*** Begin section ***

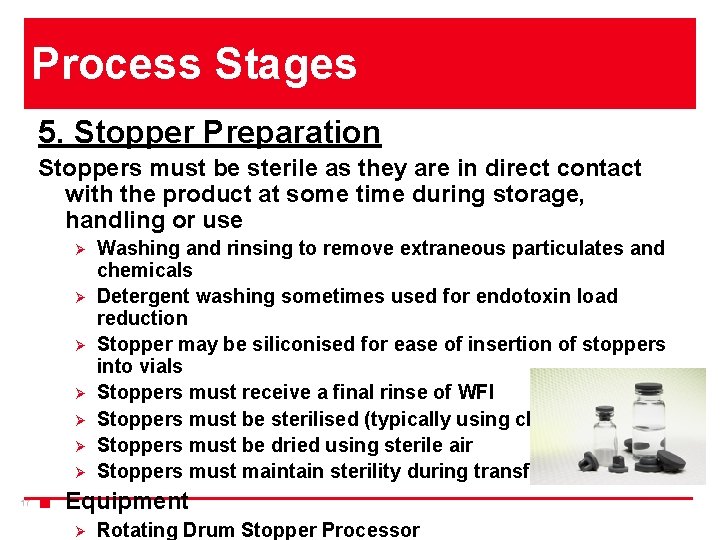 Process Stages 5. Stopper Preparation Stoppers must be sterile as they are in direct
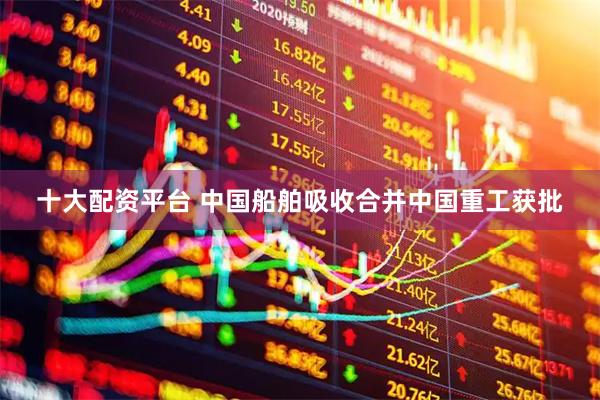 十大配资平台 中国船舶吸收合并中国重工获批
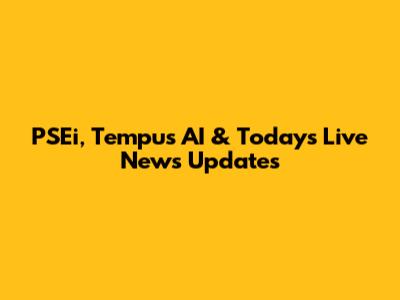 PSEi, Tempus AI & Today's Live News Updates
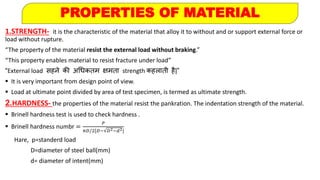 PROPERTIES OF MATERIAL
1.STRENGTH- it is the characteristic of the material that alloy it to without and or support external force or
load without rupture.
“The property of the material resist the external load without braking.”
“This property enables material to resist fracture under load”
“External load सहने की अधिकतम क्षमता strength कहलाती है|”
 It is very important from design point of view.
 Load at ultimate point divided by area of test specimen, is termed as ultimate strength.
2.HARDNESS- the properties of the material resist the pankration. The indentation strength of the material.
 Brinell hardness test is used to check hardness .
 Brinell hardness numbr =
𝑃
𝜋𝐷/2[𝐷− 𝐷2−𝑑2]
Hare, p=standerd load
D=diameter of steel ball(mm)
d= diameter of intent(mm)
 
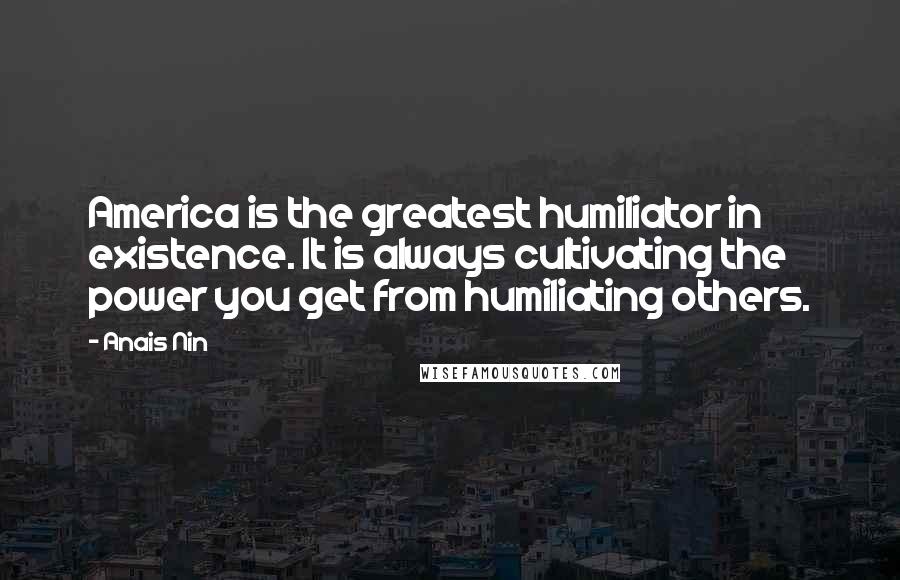 Anais Nin Quotes: America is the greatest humiliator in existence. It is always cultivating the power you get from humiliating others.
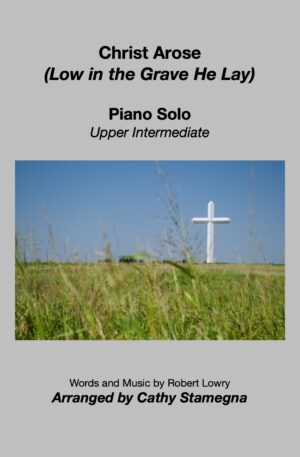 Christ Arose (Low in the Grave He Lay) (Upper Intermediate Piano Solo)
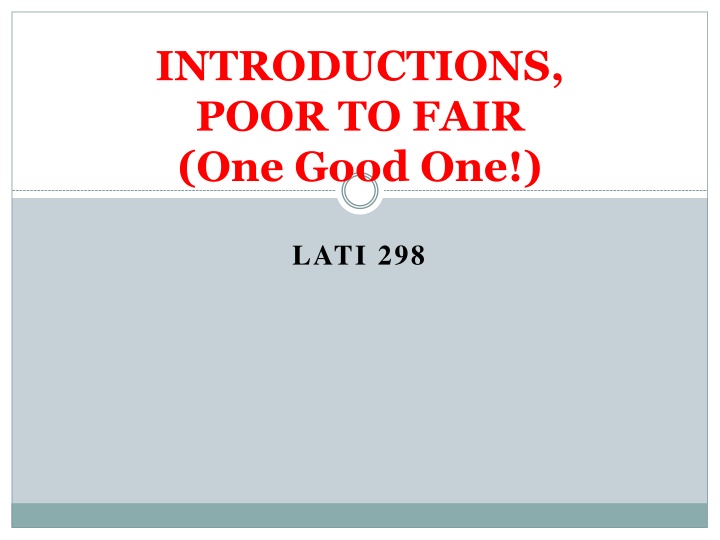 INTRODUCTIONS,  POOR TO FAIR (One Good One!)
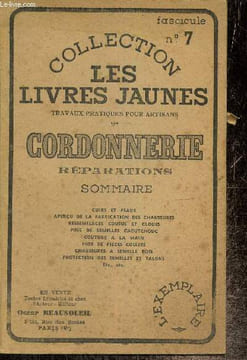 "Cordonnerie, réparations (Collection ""Les Livres Jaunes"", n°7)". Collectif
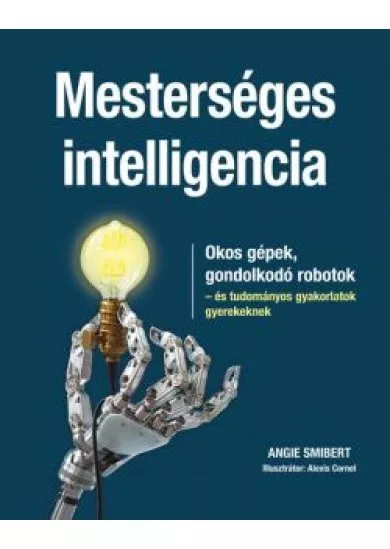 Mesterséges intelligencia - Okos gépek, gondolkodó robotok - és tudományos gyakorlatok gyerekeknek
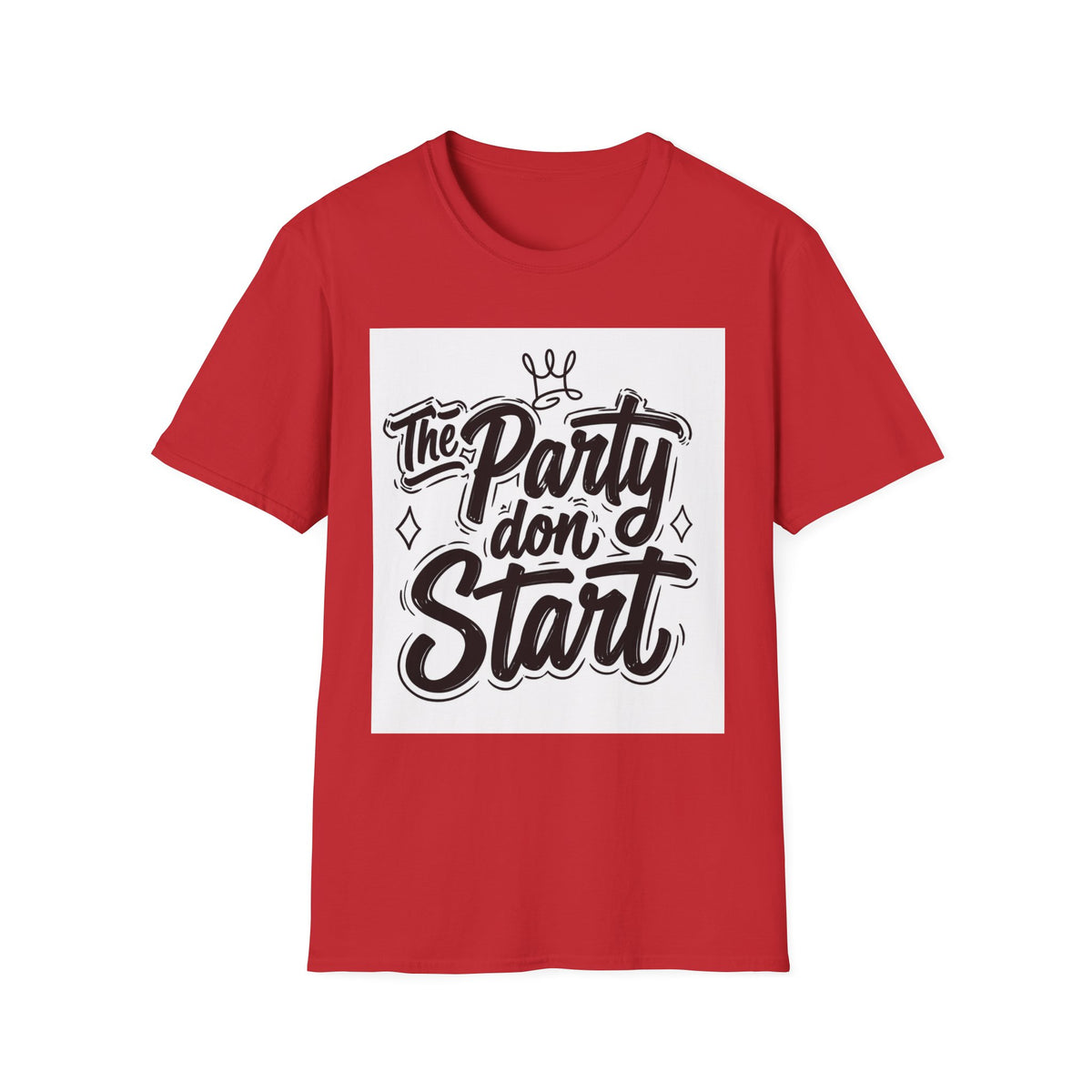 Party Don't Start T-Shirt — Casual Graphic Tee with Bold Script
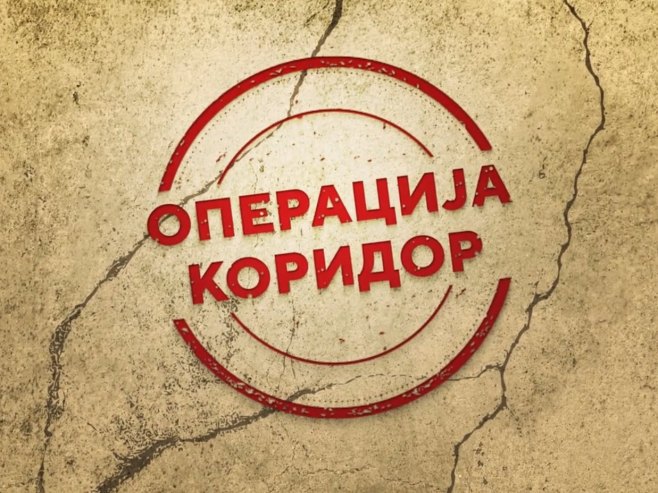 РТРС, 20.10: Операција коридор, документарни филм (ВИДЕО)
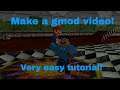 How to make a GMOD video! Easy tutorial!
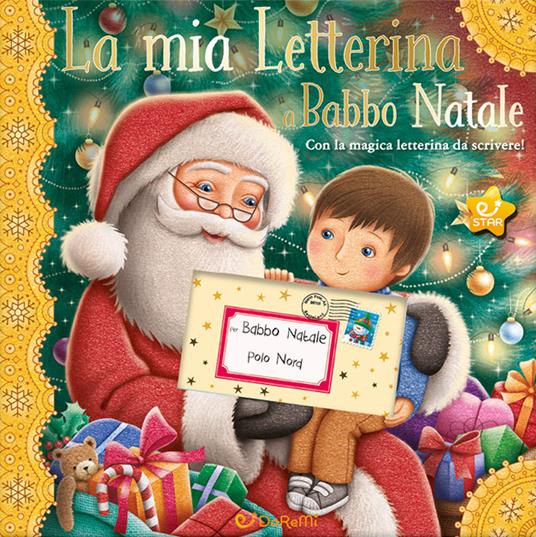 La mia letterina a Babbo Natale. Le letterine - Caroline Richards - copertina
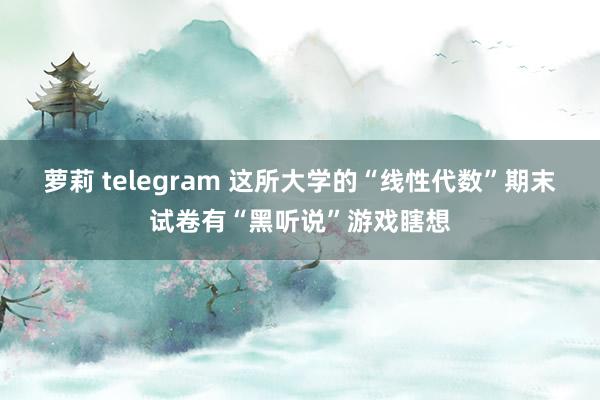 萝莉 telegram 这所大学的“线性代数”期末试卷有“黑听说”游戏瞎想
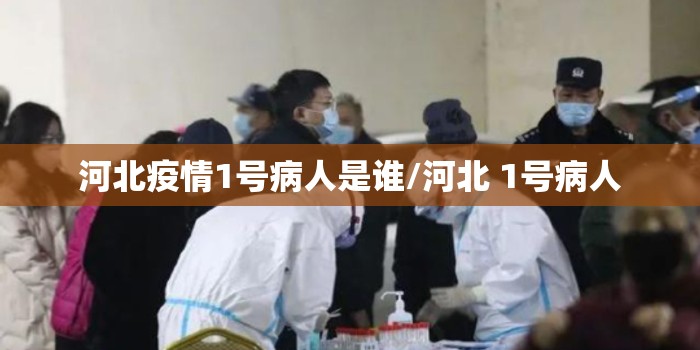河北疫情1号病人是谁/河北 1号病人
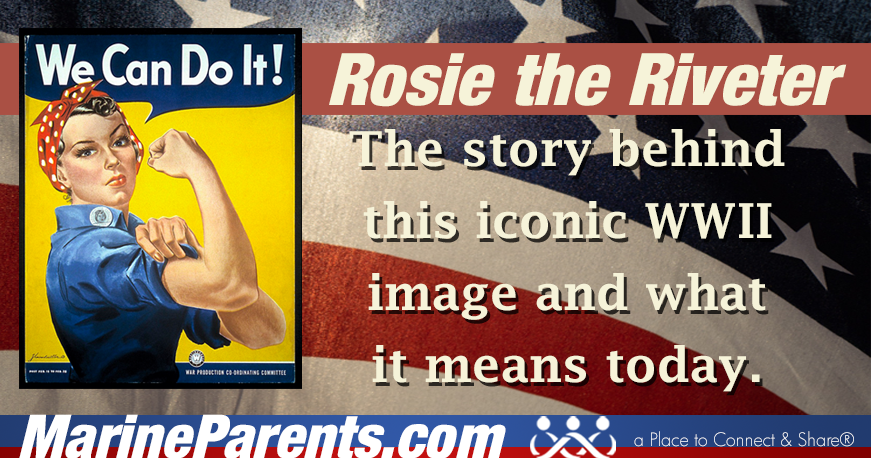 Rosie the Riveter at MarineParents.com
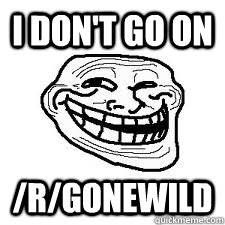 I don't go on /r/gonewild  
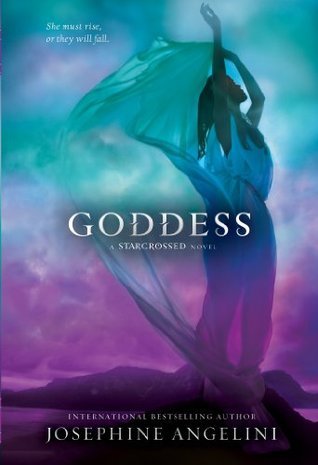 Goddess (Starcrossed, #3)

*** End section ***

## TASK STATEMENT
Retype only this portion of the data above: the line containing "property of the", the line containing "point of view.", and all lines between them, exactly.

## OUTPUT OF THE TASK
“The property of the material resist the external load without braking.”
“This property enables material to resist fracture under load”
“External load सहने की अधिकतम क्षमता strength कहलाती है|”
 It is very important from design point of view.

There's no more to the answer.